Today, under the headline “United We Stand”, all three newspapers carry the following editorial:

“The party that was, until recently, the natural home for our community, has seen its values and integrity eroded by Corbynite contempt for Israel and Jews. So, Britain’s three leading Jewish newspapers – Jewish News, Jewish Chronicle and Jewish Telegraph – take the unprecedented step of speaking as one.”

It’s been three long and painful years, from the whitewashed Chakrabarti report (at a puny 30-pages, even the author admitted “it won’t keep you up late”), to unpunished Ken Livingstone’s contention that the man who slaughtered six million Jews “supported” a Jewish homeland, to Corbyn’s apparent defence of an anti-Semitic mural (a spokesman later claimed he was defending freedom of speech).

This final indignity compelled thousands of Jews of all hues gather outside Parliament, stating: “Enough is enough.”

Then the final straw – last week’s dilution of the International Holocaust Remembrance Association’s standard definition of anti-Semitism, one followed by the government, 130 local councils and the Crown Prosecution Service.

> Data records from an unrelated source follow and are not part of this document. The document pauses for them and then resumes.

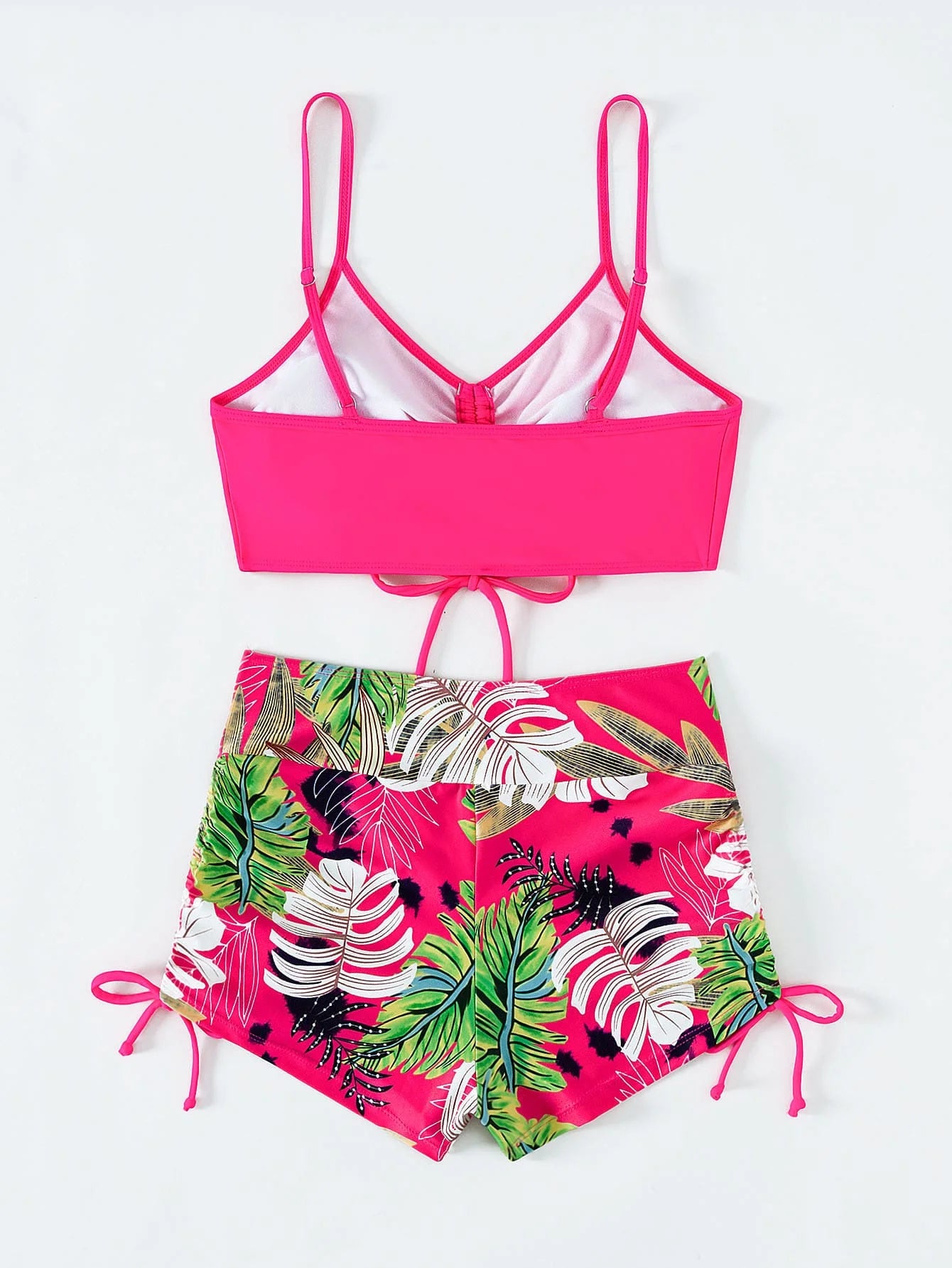 Tie Dye Bikini Drawstring Swimsuit Women High Waist Shorts Swimwear Female Padded Bathing Suit Swimming Beachwear Summer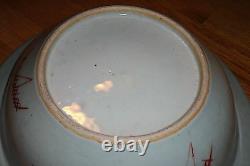Antique Vintage Old Chinese Celadon Porcelaine Famille Rose Grand Bassin Bowl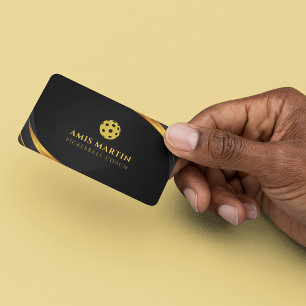 Black & Gold Pickleball Coach Business Card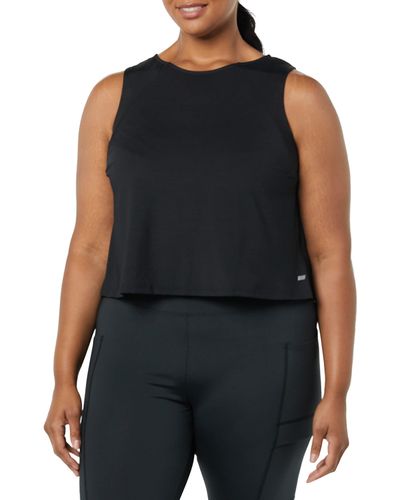 Amazon Essentials Tech Stretch Cropped Loose-fit Tank - Black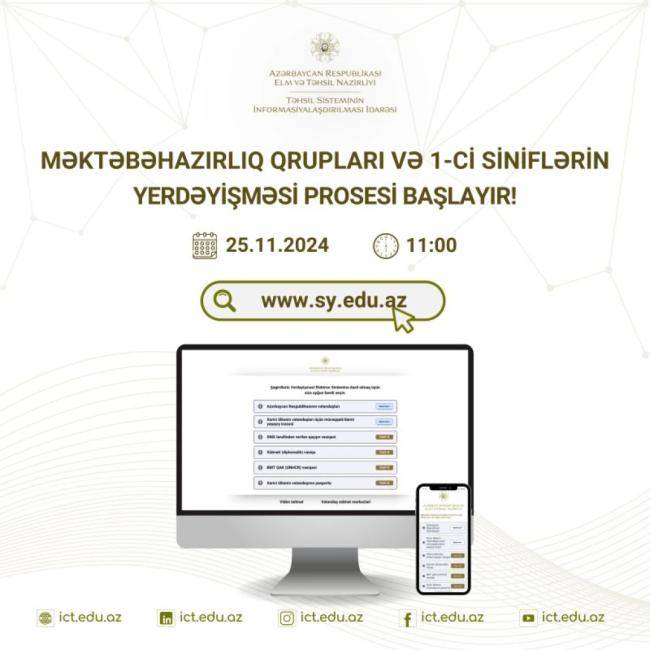 Məktəbəhazırlıq qrupları və 1-ci siniflərin yerdəyişmə prosesi başlayır
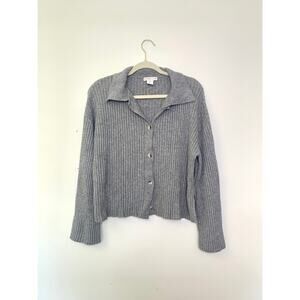 Cozy Ribbed Knit Button Front Oversize Cardigan Sweater Size Small Minimalist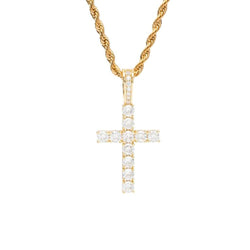 Iced Out Gold Cross Pendant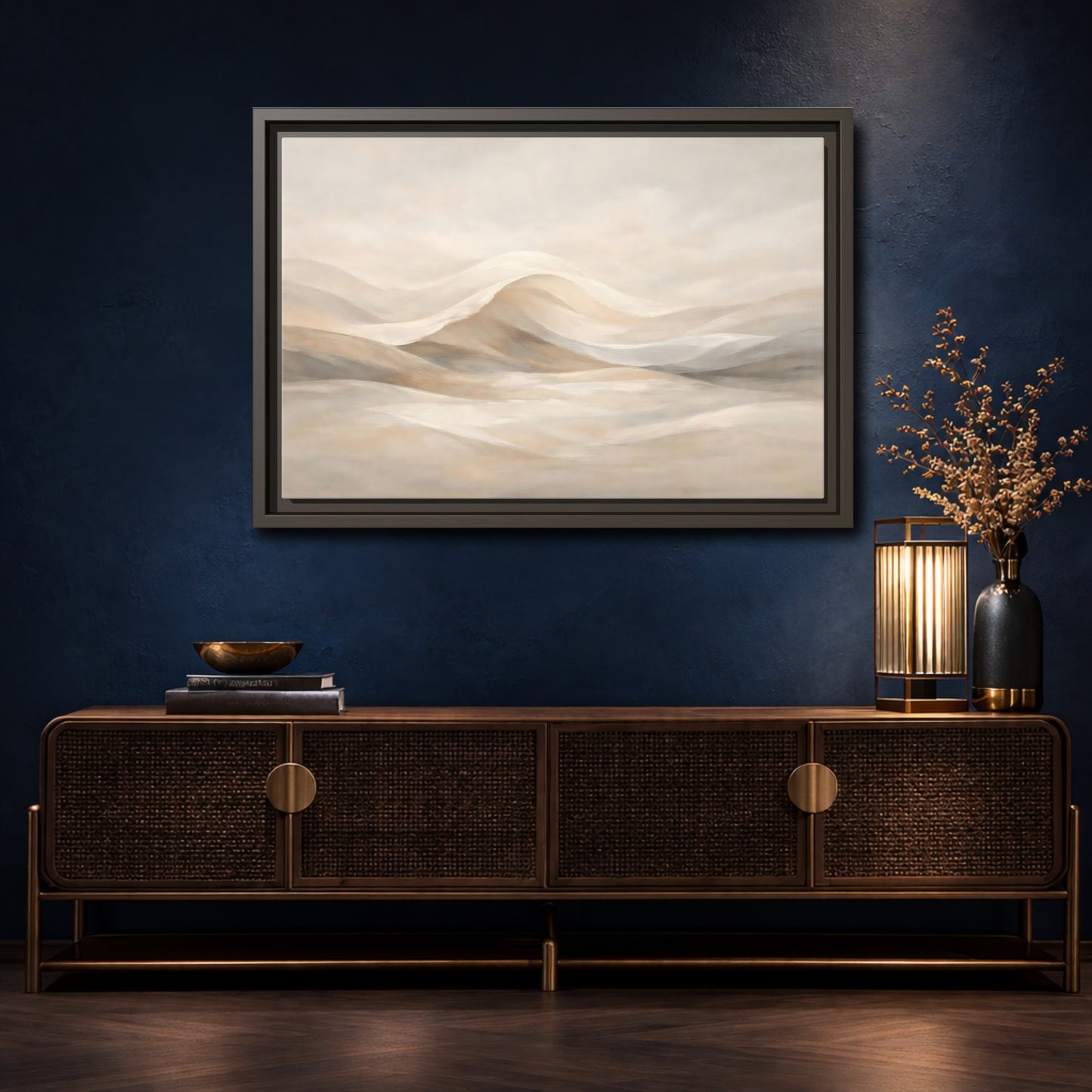 Mockup 4. Nature Abstract Dunes Neutral Abstract shown as stretched canvas wall art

Labour removed and amended four examples relating, you guessed it, to Israel – allowing party members to claim British Jews have dual loyalty to Israel and compare Israel to Nazi Germany, and NOT be accused of Jew hate.

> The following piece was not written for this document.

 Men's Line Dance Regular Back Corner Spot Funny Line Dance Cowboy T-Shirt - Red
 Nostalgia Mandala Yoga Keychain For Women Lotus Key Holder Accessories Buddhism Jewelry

In response, 68 rabbis, from secular to religious, signed a letter compelling the party to stop “claiming to know what’s good for our community in the most insulting and arrogant way”.

Even the Chief Rabbi, Ephraim Mirvis, weighed in, warning Labour’s watered-down anti-Semitism definition sends “a message of contempt”.

The response from Corbyn’s office? “We will not tolerate anti-Semitism in any form whatsoever.”

The man who could be PM believes the reality-defying guff his party spouts ad nauseam because the phrase “I HATE ISRAEL” is written, in capital letters, through him like Brighton rock. He never breaks character, never reconsiders, never thinks twice.

Corbyn is not a work in progress, he’s a piece of work.

When anti-Semitism or other forms of racism appear in UK political parties, it tends to spread from the bottom up. But the rejection of the standard international definition of anti-Semitism in the Labour party came from the top, and it is this which provoked the three newspapers’ “United We Stand” front page.

Last week, Labour MP Margaret Hodge called Jeremy Corbyn an anti-Semite. The incident sparked a debate about who was more wronged. Perhaps a more profound question to ask is what attracts so many anti-Semites to the Labour party? That answer is sadly all too straightforward: Jeremy Corbyn.

Richard Ferrer is the editor of the Jewish News.